[Data excerpts]
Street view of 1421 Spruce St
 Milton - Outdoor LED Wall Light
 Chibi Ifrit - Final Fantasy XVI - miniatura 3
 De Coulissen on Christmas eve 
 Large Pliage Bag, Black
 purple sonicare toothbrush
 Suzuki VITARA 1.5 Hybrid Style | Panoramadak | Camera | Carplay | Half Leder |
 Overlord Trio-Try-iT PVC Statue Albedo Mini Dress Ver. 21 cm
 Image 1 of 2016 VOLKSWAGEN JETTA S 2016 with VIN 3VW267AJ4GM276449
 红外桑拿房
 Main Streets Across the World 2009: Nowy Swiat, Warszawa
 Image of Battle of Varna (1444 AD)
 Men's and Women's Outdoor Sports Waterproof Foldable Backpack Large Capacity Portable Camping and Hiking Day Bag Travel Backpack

▶ [WORK REQUEST]: Copy each line above that contains the word "Outdoor".

▶ [ANSWER AREA]:
 Milton - Outdoor LED Wall Light
 Men's and Women's Outdoor Sports Waterproof Foldable Backpack Large Capacity Portable Camping and Hiking Day Bag Travel Backpack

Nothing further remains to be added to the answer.